The CFPB received about 150,000 credit or consumer reporting complaints in 2019. Last year, that number exceeded 5 million, the bureau said.
The CFPB attributed that to credit repair firms “misusing” the complaint process as a tool of their business, “social media influencers with questionable expertise encouraging followers to submit complaints,” artificial intelligence tools acting on a person’s behalf, and the rise of businesses seeking to boost credit scores by disputing information on reports.
Alongside other changes, the CFPB said it intended to educate consumers on addressing errors on their credit reports.

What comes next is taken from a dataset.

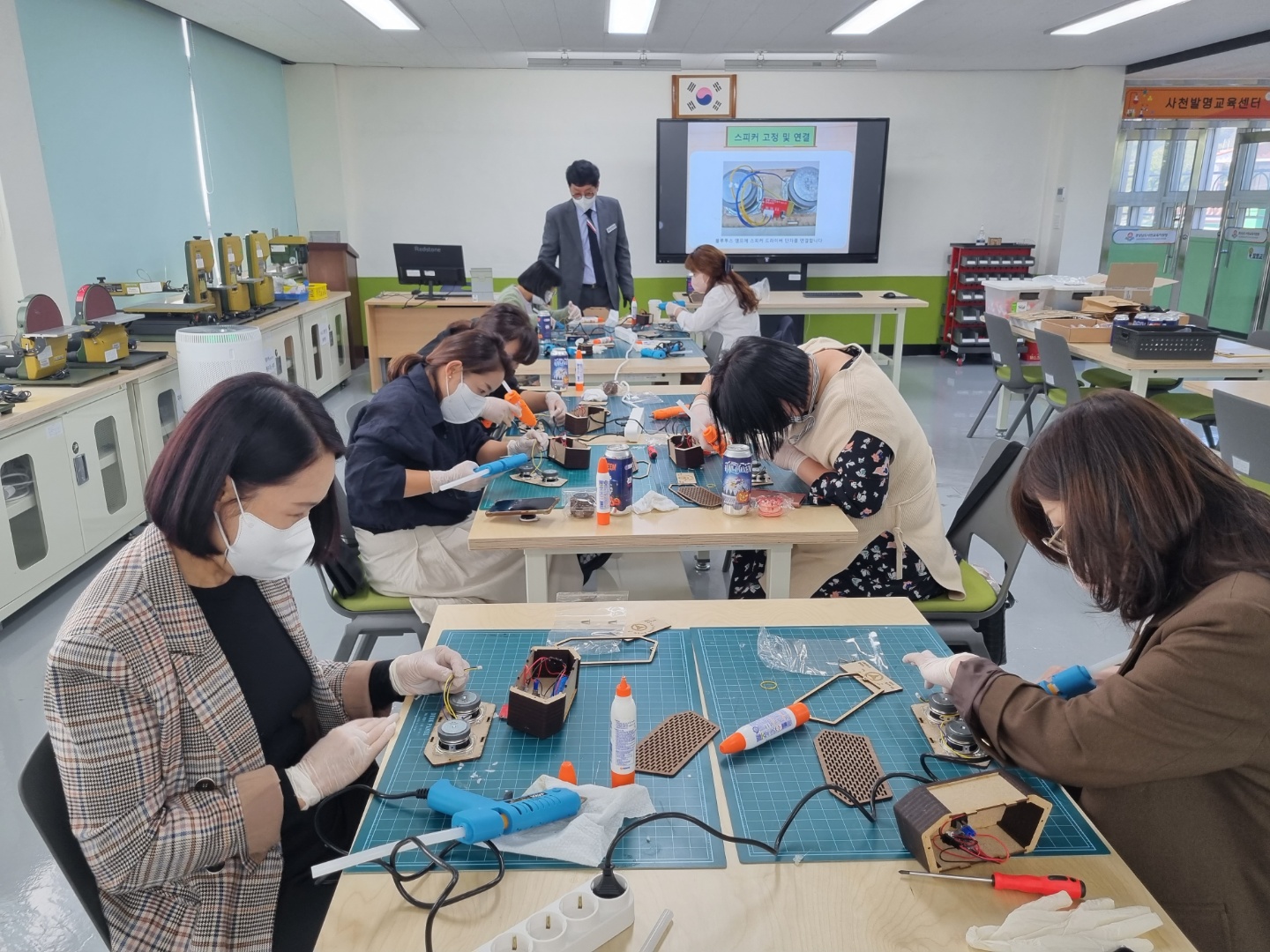삼천포초, 교육가족과 함께한 꿈+ 행복채움 메이커 체험 연수 실시 - 관련이미지1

The National Consumer Law Center, however, said the agency’s changes make it “increasingly difficult for people to seek help from the CFPB” and shift resources “to discouraging people from disputing errors on their credit reports.”
“The Trump administration’s CFPB, at the behest of the credit reporting companies, is deliberately creating barriers for people to report illegal and abusive actions by large financial companies,” Diane Thompson, NCLC’s deputy director and chief advocacy officer, said in a Thursday news release. “The CFPB was created to protect consumers, not corporations, and should return to that mission.”
In February, the CFPB published new language demanding consumers confront credit bureaus to dispute inaccurate information before turning to the agency, and establishing an amount of time that must elapse before consumers can reach out to the CFPB. Under Acting Director Russ Vought, the bureau has repeatedly sought to slash its headcount, an effort that has been challenged in court.
Credit bureaus Equifax, Experian and TransUnion and the trade groups that represent them have argued that the CFPB’s complaint portal has been overrun by submissions generated by bots or third-party credit repair companies posing as consumers.
But consumer advocates say the CFPB’s moves amount to hurdles.
“The CFPB should be doing its job to make it easier for people to get help, not throwing new obstacles in their path,” Chi Chi Wu, director of consumer reporting and data advocacy and acting co-director of federal advocacy at NCLC, said in Thursday’s release. “It should be focusing on the abuses of the credit reporting oligopoly, not acting in cahoots with it.”